José Luis Castillejos
Chiapas, ese rincón del sur mexicano donde la vida parece ser una eterna celebración, late al ritmo del pozol que se sirve en jícaras de barro, llenando el alma de quienes lo beben.
Bajo un Sol abrasador, en el que la tierra parece arder, Chiapas es un festín de colores y sabores que hechiza los sentidos. Las jornadas se sienten infinitas, como si el tiempo mismo se diluyera en el cálido aliento del viento que arrastra las historias de un pueblo que nunca olvida su raíz.

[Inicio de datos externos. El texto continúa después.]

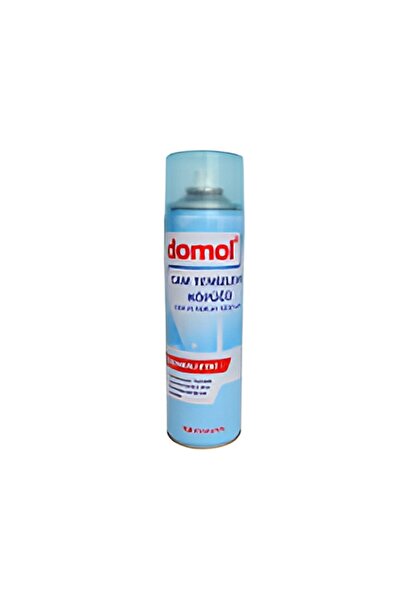DOMOL Cam Temizleme Köpüğü Cam Ve Parlak Yüzeyler 500 Ml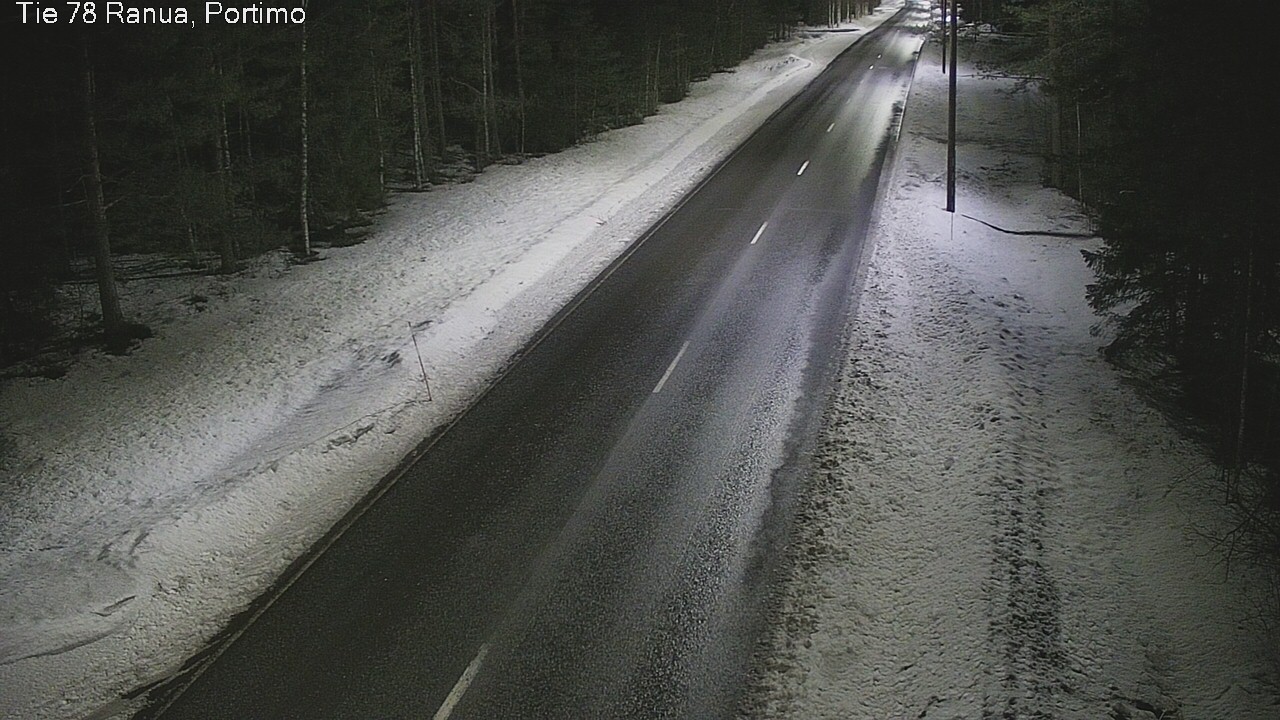 Kelikamerat Kuva Tie 78_Ranua, Portimo, Ranua, Lappi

Este estado es más que geografía; es un crisol de culturas que resplandecen en la danza del ámbar y el jade, en los ecos de leyendas de colibríes y quetzales que sobrevuelan cerros cubiertos de cafetales. El sonido de las marimbas y los estallidos de cohetes llenan los días y noches, mientras los caminos serpentean entre musgos, invitando a perderse en sus misterios. En cada rincón se escucha un rumor antiguo, una sinfonía que mezcla las voces de los ancestros y las risas de las nuevas generaciones.
En Chiapa de Corzo, la vida se sirve en una jícara de pozol, un símbolo que evoca la identidad ancestral de un pueblo que nunca deja de bailar al compás de su historia. Las tardes calurosas en Tuxtla Gutiérrez se visten de una sinfonía natural, el Usumacinta habla en susurros a los cerros mientras el cielo se funde en la tierra, creando un horizonte que se extiende más allá de lo visible, como si la inmensidad del paisaje fuera un espejo del alma chiapaneca.
Tapachula, Tonalá, Arriaga, San Fernando, San Cristóbal de Las Casas, Unión Juárez, Tuxtla Chico y los cientos de pueblos que salpican el paisaje chiapaneco son testigos de amores nacidos y perdidos, de besos que se mezclan con la nostalgia y la esperanza.
Cada rincón palpita con la esencia de los campesinos, quienes trabajan la tierra con manos curtidas, entre elote hervido, atole, y tamalitos de chipilín. Aquí, la fiesta no es solo música o danza, sino el corazón mismo de la vida, donde los pumpos se embriagan de licor y amor, y donde las noches se iluminan con las estrellas que parecen danzar sobre el cielo.
La Costa chiapaneca, con sus playas de arena volcánica, es otro espectáculo en esta celebración perpetua. El mar, como un espíritu indomable, se agita entre manglares allá en la Barra de San José; en Palmarcito, Boca del Cielo, Chantuto, Acapetahua, Las Palmas, entre otros cientos de lugares mientras las serpientes recorren el matorral, un susurro de la naturaleza que se desplaza con la misma fluidez que los recuerdos. Allí, donde la tierra besa el océano, el sonido de las olas es un canto de cuna para los pescadores que desafían el horizonte, y las palmeras se inclinan como si intentaran abrazar la brisa que lleva consigo los secretos de los mares antiguos.
Y si la marimba es el alma sonora de Chiapas, las mujeres son la vida que brota entre montañas y valles. Son la fuerza que sostiene este paraíso, el cual es cielo y tierra, abrazo y canción. Entre los pinos de la Sierra y las palmeras que danzan con el viento, Chiapas se revela como un poema vivo, una quimera que alimenta el corazón. Ellas, las guardianas de la tradición, son las que transmiten con sus cantos y bailes la esencia de un pueblo que nunca se rinde, que nunca deja de soñar y de celebrar la vida con cada amanecer.
Chiapas es una tierra donde la fiesta nunca termina, donde cada rincón revela historias y canta leyendas, donde el calor del día y la frescura de la noche se entrelazan como los brazos de amantes eternos. Es pozol, marimba y cielo, un sueño del que nadie quiere despertar.
Aquí, cada celebración es una ofrenda a la vida misma, a la naturaleza que nutre y protege, al maíz que es alimento y símbolo, al viento que trae consigo las voces de los que ya no están, pero cuya presencia se siente en cada rincón, en cada árbol, en cada grano de café que nace de esta tierra fértil y generosa.
Chiapas es vida, en toda su gloriosa complejidad. Es el crisol donde la modernidad y la tradición se abrazan, donde los días parecen diluirse en el tiempo, pero donde cada segundo se vive intensamente, con la pasión de quienes entienden que la vida es una fiesta que no tiene final.
El alma se llena de los colores de los mercados, de los sabores de las cocinas ancestrales, de las risas que se escuchan en las plazas, de las danzas que nunca cesan. Chiapas es un canto a la vida, un recordatorio de que, mientras haya pozol y marimba, mientras el sol siga calentando la tierra, la fiesta nunca acabará.